Prior to the 2012 elections, when United States voter ID laws began to gain momentum, thus threatening the rights of voters, the League of Women Voters quickly took action. This nonpartisan political organization, which represents more than 100,000 members, supporters, and activists, launched a fully integrated emergency appeal and acquisition campaign to take on the 2012 “War on Voters.” And they didn’t just round first base with this one — they knocked it out of the park.
This home run was a comprehensive, cross-departmental campaign that saw success in both acquisition and appeal packages, including a 127 percent lift in response rate for acquisition. It not only continues to hold steady as the organization’s new control package, but it has also grown the League’s file size by 55 percent in the three years since its inception.
Internal Integration Leads to Fundraising Integration
This crowning achievement didn’t come easily. Though the fundraising opportunity did present itself while the “War on Voters” was receiving media attention, what truly made the campaign a winner was their ability to overcome challenges between departments, instead coordinating efforts and demonstrating internal communications to help the campaign to reach its full potential.

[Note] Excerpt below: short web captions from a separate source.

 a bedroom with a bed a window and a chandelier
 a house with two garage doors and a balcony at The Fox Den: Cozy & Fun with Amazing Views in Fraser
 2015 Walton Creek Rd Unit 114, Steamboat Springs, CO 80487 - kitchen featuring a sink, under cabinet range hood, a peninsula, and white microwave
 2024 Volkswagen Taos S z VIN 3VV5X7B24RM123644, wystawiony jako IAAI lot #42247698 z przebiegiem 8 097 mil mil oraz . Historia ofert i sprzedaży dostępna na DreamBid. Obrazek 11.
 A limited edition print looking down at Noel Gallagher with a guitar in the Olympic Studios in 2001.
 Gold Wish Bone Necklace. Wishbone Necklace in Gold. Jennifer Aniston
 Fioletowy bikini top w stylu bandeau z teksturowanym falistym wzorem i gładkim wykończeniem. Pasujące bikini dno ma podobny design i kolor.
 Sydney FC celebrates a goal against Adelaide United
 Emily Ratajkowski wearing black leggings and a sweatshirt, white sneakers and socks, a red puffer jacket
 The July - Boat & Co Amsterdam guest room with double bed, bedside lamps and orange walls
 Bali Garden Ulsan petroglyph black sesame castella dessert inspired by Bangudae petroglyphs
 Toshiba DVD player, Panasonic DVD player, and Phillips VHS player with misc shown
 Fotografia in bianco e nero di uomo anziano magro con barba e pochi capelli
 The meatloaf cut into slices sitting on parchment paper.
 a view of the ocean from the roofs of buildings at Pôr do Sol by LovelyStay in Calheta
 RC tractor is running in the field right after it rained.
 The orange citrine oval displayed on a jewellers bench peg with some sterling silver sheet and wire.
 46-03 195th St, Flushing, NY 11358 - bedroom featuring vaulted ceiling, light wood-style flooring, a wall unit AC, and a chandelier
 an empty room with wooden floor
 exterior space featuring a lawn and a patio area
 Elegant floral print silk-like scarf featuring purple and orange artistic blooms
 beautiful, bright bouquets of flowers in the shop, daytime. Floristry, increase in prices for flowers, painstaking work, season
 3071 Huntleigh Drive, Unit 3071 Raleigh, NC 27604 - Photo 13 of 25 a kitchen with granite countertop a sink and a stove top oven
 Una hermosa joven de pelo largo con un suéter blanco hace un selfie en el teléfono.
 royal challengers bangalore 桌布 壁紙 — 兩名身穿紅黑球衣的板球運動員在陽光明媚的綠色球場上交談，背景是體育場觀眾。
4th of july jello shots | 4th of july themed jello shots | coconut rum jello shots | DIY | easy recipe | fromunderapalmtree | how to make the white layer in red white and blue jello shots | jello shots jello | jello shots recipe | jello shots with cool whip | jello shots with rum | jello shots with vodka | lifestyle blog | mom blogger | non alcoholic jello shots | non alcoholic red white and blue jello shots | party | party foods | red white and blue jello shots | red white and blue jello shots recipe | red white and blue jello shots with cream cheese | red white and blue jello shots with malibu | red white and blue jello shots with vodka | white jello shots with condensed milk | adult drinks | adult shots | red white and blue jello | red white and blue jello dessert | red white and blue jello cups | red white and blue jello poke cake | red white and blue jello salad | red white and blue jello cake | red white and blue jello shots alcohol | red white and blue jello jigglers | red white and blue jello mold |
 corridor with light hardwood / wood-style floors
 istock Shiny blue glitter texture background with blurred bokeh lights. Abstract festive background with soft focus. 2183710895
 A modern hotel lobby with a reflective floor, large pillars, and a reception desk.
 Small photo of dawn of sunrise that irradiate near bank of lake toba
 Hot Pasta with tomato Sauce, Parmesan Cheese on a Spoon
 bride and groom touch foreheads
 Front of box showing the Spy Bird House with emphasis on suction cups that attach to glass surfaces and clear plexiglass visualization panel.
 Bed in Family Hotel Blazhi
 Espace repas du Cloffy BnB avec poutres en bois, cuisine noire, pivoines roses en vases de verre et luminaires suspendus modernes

The League’s development group worked closely with its Political and Communications departments to ensure all were involved in the progression of the campaign. The League’s development team demonstrated the benefits of such internal collaboration through donor value studies, and in the end, all groups collectively agreed to include some activist lists in the direct mail acquisition and email efforts. This proves the League’s development team worked with their colleagues to show that team work can make a campaign more successful for all who join the game — to better meet and surpass the organization’s goals with no department missing opportunities or striking out.
Winning the War on Voters
The League’s acquisition mailing included a National Opinion Survey with an ascending ask string. Overall, the package performed impressively, with a 127 percent increase over the previous control and a 1.10 percent response rate that held steady the following year. Even more notable, the package resulted in the League’s highest amount of 0–12 month donors in more than 10 years, and it shows no sign of slowing down: the package didn’t lose any steam post-election, holding a 1.60 percent response rate.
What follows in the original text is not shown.